8Het einde ener zaak is beter dan haar begin; beter een lankmoedige dan een hoogmoedige. 9Wees niet te spoedig geërgerd in uw geest, want ergernis huist in de boezem der dwazen. 10Zeg niet: Hoe komt het, dat de vroegere tijden beter waren dan deze? Want niet uit wijsheid zoudt gij aldus vragen. 11Wijsheid is even goed als een erfdeel en een voorrecht voor wie de zon aanschouwen. 12Want de wijsheid beschermt evenals het geld, maar het is een voordeel te weten: de wijsheid doet haar bezitters leven. 13Aanschouw het werk Gods, want wie kan recht maken wat Hij gebogen heeft? 14Wees goedsmoeds in tijd van voorspoed, maar denk op de kwade dag: ook deze heeft God gemaakt evenzeer als die; immers kan de mens van de toekomst niets ontdekken.

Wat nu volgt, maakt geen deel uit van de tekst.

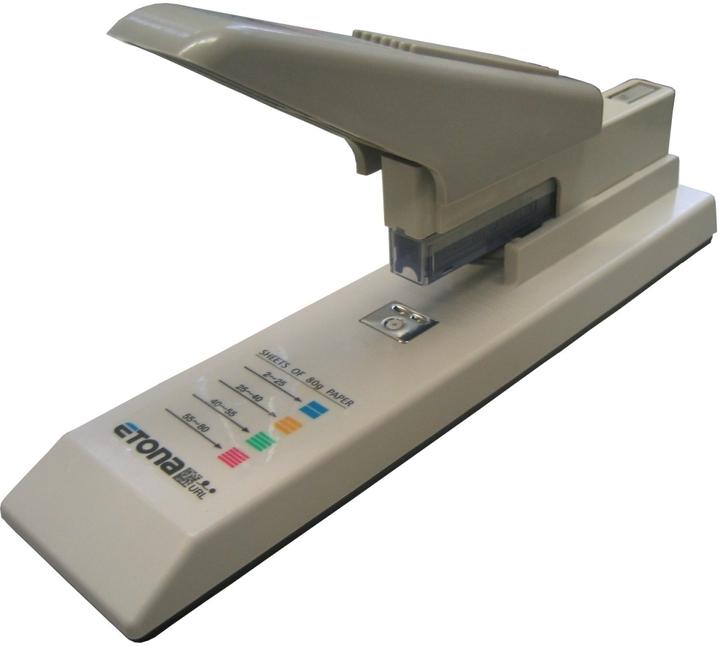 Actual product image Gold Block stapler Etona EC3 Cassette block stapler (80 Sheets)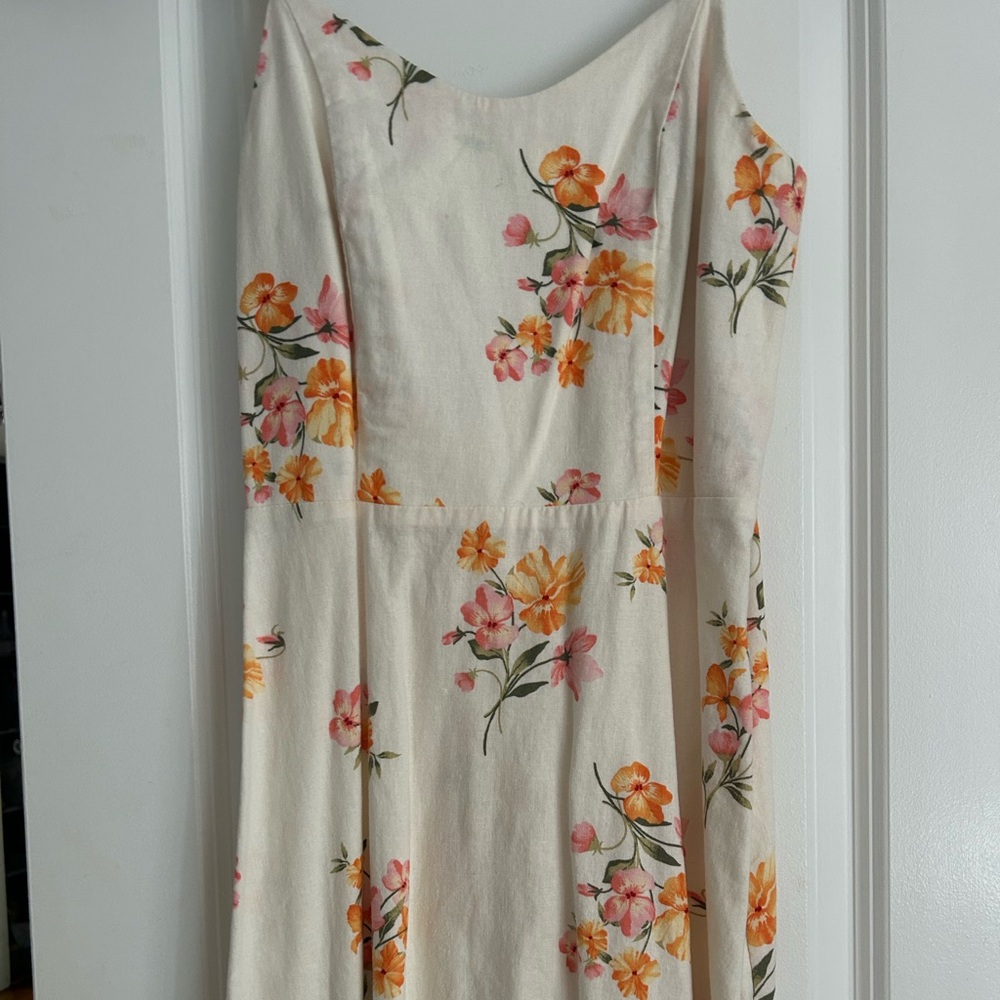 Floral Mini Dress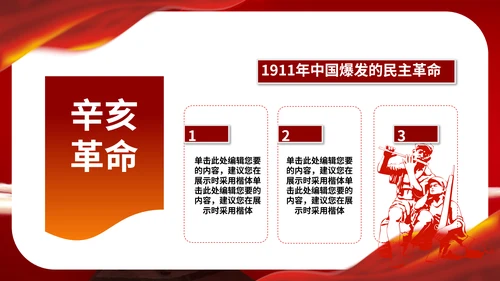 孙中山辛亥革命纪念日历史回顾PPT课件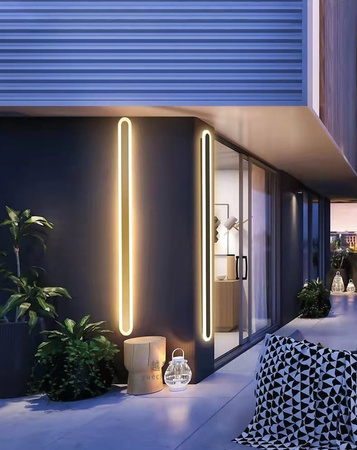 Kinkiet Ścienny Listwa LED Elewacja IP65 ELITE 150cm ULOGR300 ULFN352 Unilight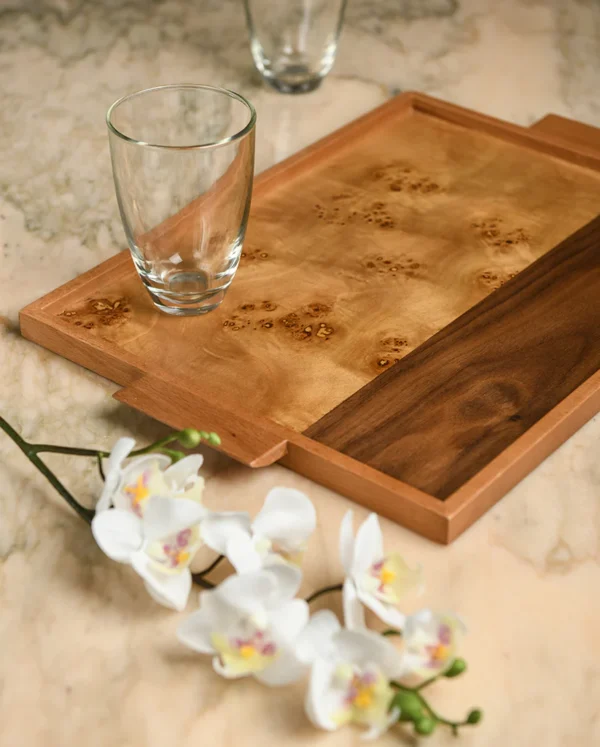 Rectangular Roots tray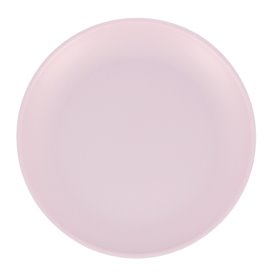 Talerz Plastikowe Płaski Durable PP Minerał Różowy Ø23,5cm (6 Sztuk)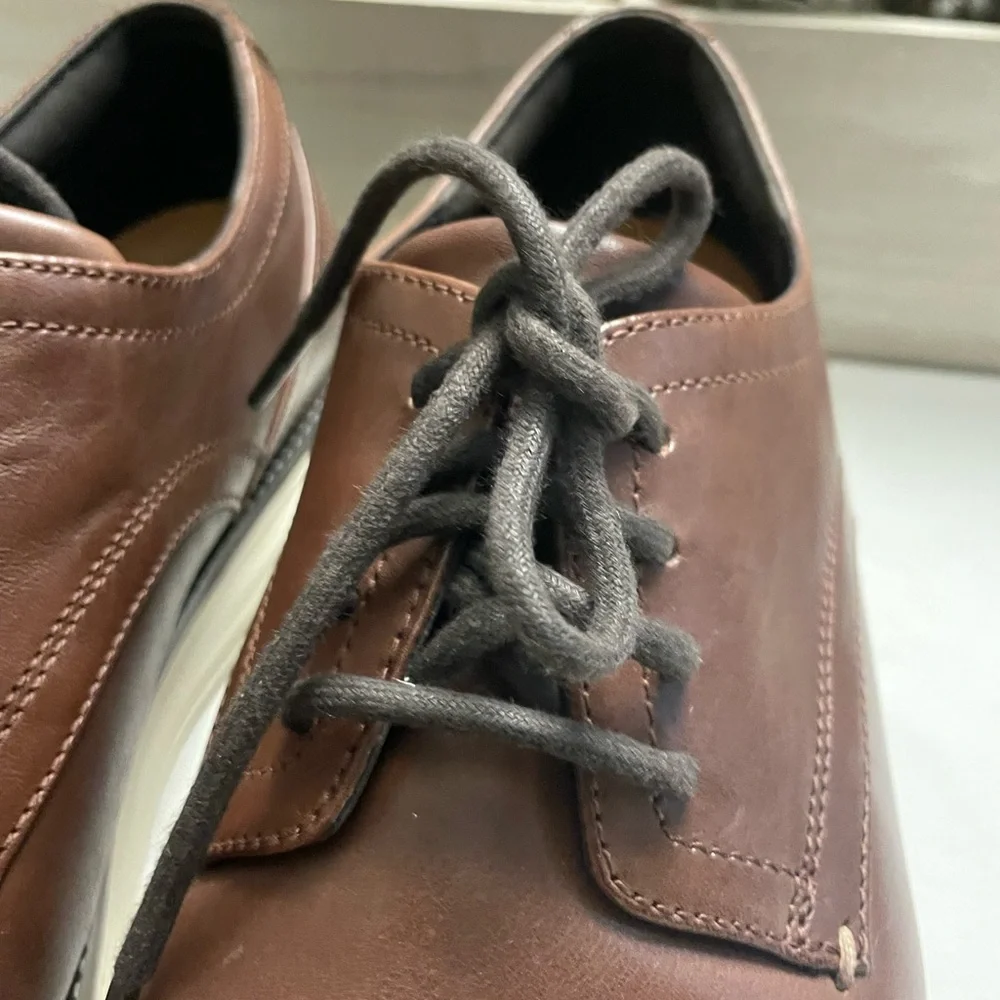 Cole Haan Originalgrand Clouldfeel Energy Meridian Oxford Chestnut Shoes Size 12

Voorzichtigheid in het oordeel
15Allerlei heb ik gezien in mijn ijdele dagen: er is een rechtvaardige, die ondanks zijn gerechtigheid te gronde gaat en er is een goddeloze, die ondanks zijn boosheid een lang leven heeft. 16Wees niet te zeer rechtvaardig en gedraag u niet al te wijs; waarom zoudt gij uzelf tot verbijstering brengen? 17Wees niet te zeer goddeloos en wees geen dwaas; waarom zoudt gij sterven vóór uw tijd? 18Het is goed, dat gij aan het ene vasthoudt en ook van het andere uw hand niet aftrekt, want hij, die God vreest, ontkomt aan dit alles. 19De wijsheid geeft de wijze meer macht dan tien machthebbers in een stad bezitten. 20Want niemand op aarde is zo rechtvaardig, dat hij goed doet zonder te zondigen. 21Ook moet gij niet letten op alle woorden die men spreekt, opdat gij niet hoort, dat uw knecht u vervloekt, 22want hoe menigmaal zijt gij u bewust, dat ook gij anderen hebt vervloekt.

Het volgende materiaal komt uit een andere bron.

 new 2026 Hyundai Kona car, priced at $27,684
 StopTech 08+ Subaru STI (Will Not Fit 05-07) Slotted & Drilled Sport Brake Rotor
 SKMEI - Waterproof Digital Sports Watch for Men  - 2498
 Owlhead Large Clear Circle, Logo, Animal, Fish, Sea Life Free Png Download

De bittere teleurstelling van Prediker
23Dit alles heb ik met het oog op wijsheid beproefd; ik zeide: ik wil wijsheid verwerven, maar zij bleef onbereikbaar voor mij. 24Onbereikbaar is wat bestaat, en onpeilbaar, wie kan het doorgronden? 25Ik wendde mij en mijn hart was er op uit om kennis te verkrijgen, onderzoek te doen en een wijze slotsom te zoeken en om goddeloosheid als dwaasheid en onverstand als verdwaasdheid te leren verstaan. 26En ik ontdekte iets, bitterder dan de dood: de vrouw, die een valstrik is en wier hart een net is, wier handen boeien zijn. Hij, die aan God welgevallig is, ontkomt haar; doch hij, die niet welgevallig is, wordt door haar gevangen.

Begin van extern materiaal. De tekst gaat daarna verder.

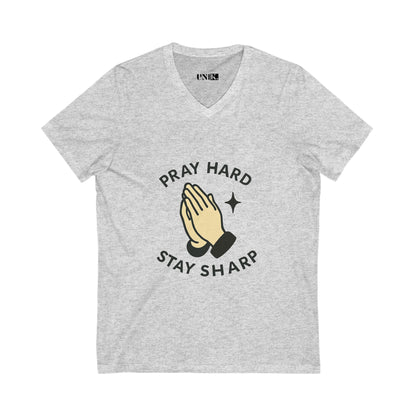 Pray Hard, Stay Sharp Tee — UNIK.
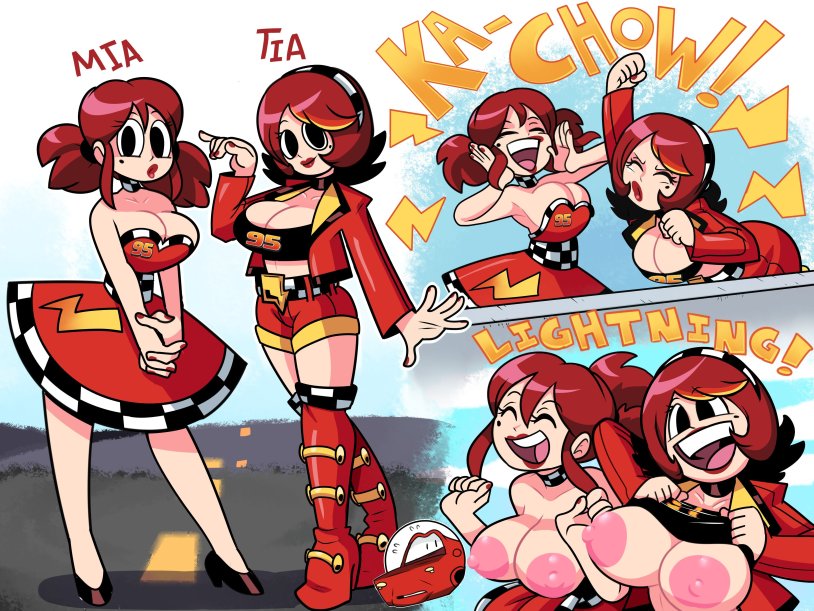 Lesbian brumz in blue stockings Yhivi Harley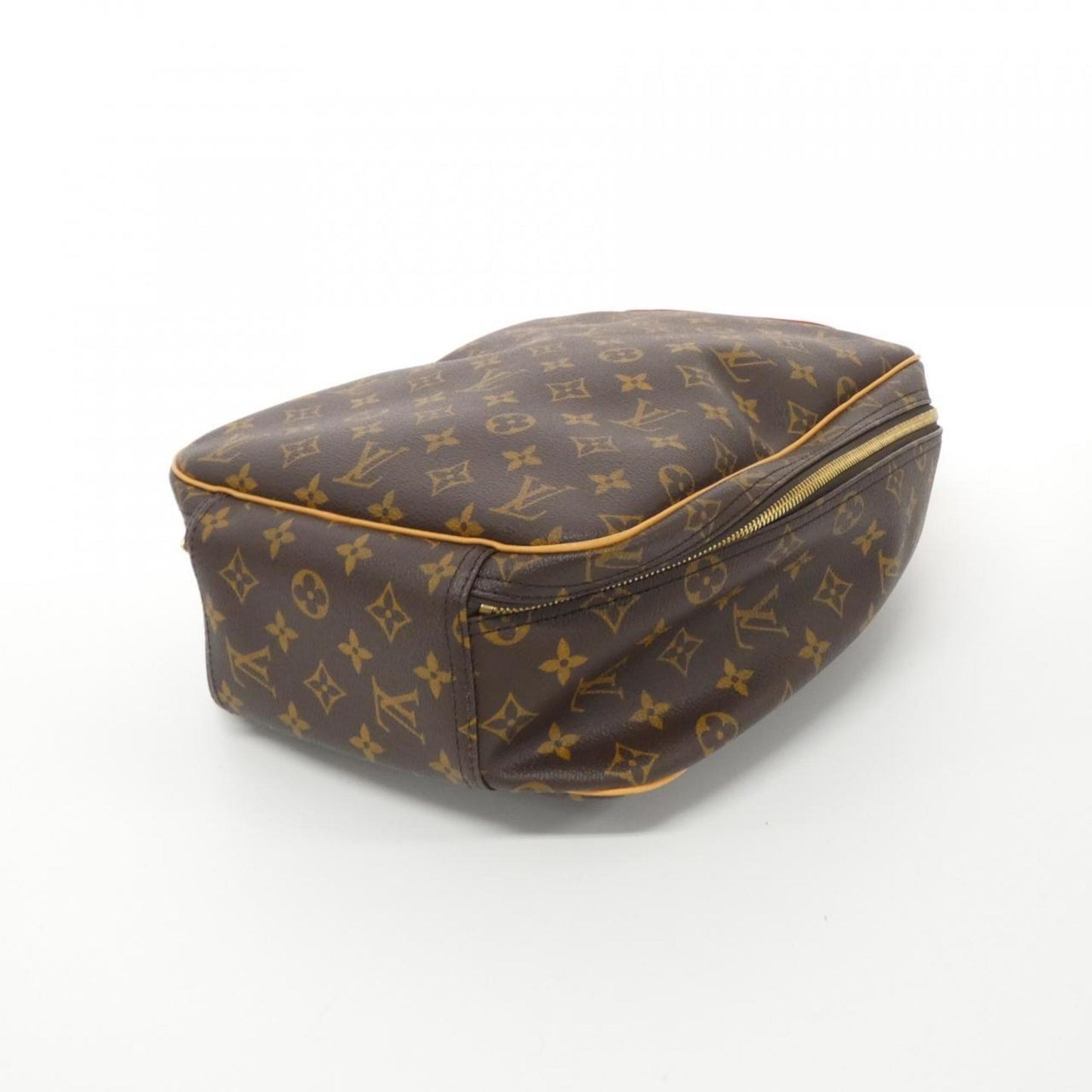 Louis Vuitton Excursion, Brown, Canvas, handbag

27Zie, dit heb ik opgemerkt, zegt de Prediker – het een bij het ander voegend, om een slotsom te vinden, 28die ik nog altijd zoek zonder ze gevonden te hebben –: onder duizend heb ik één mens ontdekt, maar een vrouw heb ik onder deze allen niet ontdekt. 29Alleen, zie toch: ik heb ontdekt, dat God de mensen recht gemaakt heeft, maar zij zoeken vele bedenkselen.